June 05, 2003

writing history

Due to some of the previous postings I've done on the writing of Australian history (eg., here) I keep getting the odd email criticising my interpretative approach to contemporary disputes in history.

The criticisms mostly come from those who adhere to an empiricist model of history and they think that interpretation of texts opens the door to "anything goes". Because of my focus on primary historical sources as texts and not as facts I am a seen to be light on the truth. Somehow an interpretative approach is acceptable in responding to films but not to historical events.

According to the advocates of the empiricial method, history should be a mirror of past reality and the various distortions (eg., personal bias, prejudice and faulty use of sources) should be removed so that we can possess objective knowledge. On this conception of writing history texts for the present, history can, and should, correspond to the reality of the past. So the emphasis is on getting the story straight. Radicals never get the story straight because they let their political enthusiasms (passions) get in the way. Method and evidence are to the fore because they are the royal road to Truth.

In this post I will make a couple of quick remarks about an interpretative approach by highlighting what is repressed by the empirical method.

First, it sees the connection between writing history and literature. It places the emphasis on the composition, creation and construction of writing different situated histories. These histories are a form of knowledge based around narratives, they presuppose a philosophy of history, politics, judgements about right and wrong etc and this literary narrative creates meanings about the past for us now.

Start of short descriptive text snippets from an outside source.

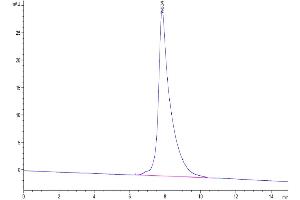 The purity of Cynomolgus CD3E is greater than 95 % as determined by SEC-HPLC. (CD3 epsilon Protein (CD3E) (Fc Tag))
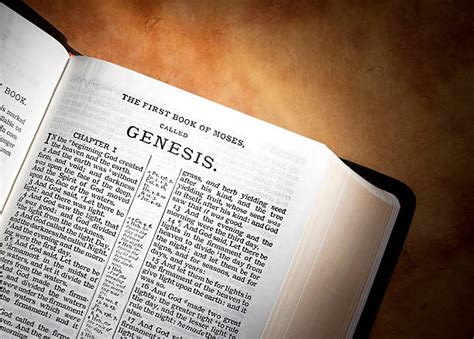 Best Genesis Bible Stock Photos, Pictures & Royalty-Free Images - iStock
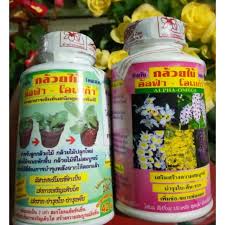Check spelling or type a new query. Baja Orkid Thailand Viral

Secondly, a Hegelian point. The empirical method represses the historical conceptual apparatus that works up, or orders , the atomic facts into a complex structure of a narrative. Without this conceptual apparatus we would have a jumble of unrelated facts and not historical knowledge. Call this this historicism.

In bringing the repressed to the foreground we have a different way of writing history--- a discourse that gives the past various meanings through the creation of written texts. As a discourse (a lot of interelated texts) history is different from the past. If you like, the past is what has gone and history is what historians have made aand are making of it. History texts are their reading of the past. As historicans they read it differently to geographers, ecologists or economists: ie they select different things to write about, approach the writing differently and work with a dissimilar conceptual apparatuses.

The above are simple points. They are what historians know. But they want to hammer it back into the empirical way of doing history. Somehow the latter is seen as the only legitimate way in Australia.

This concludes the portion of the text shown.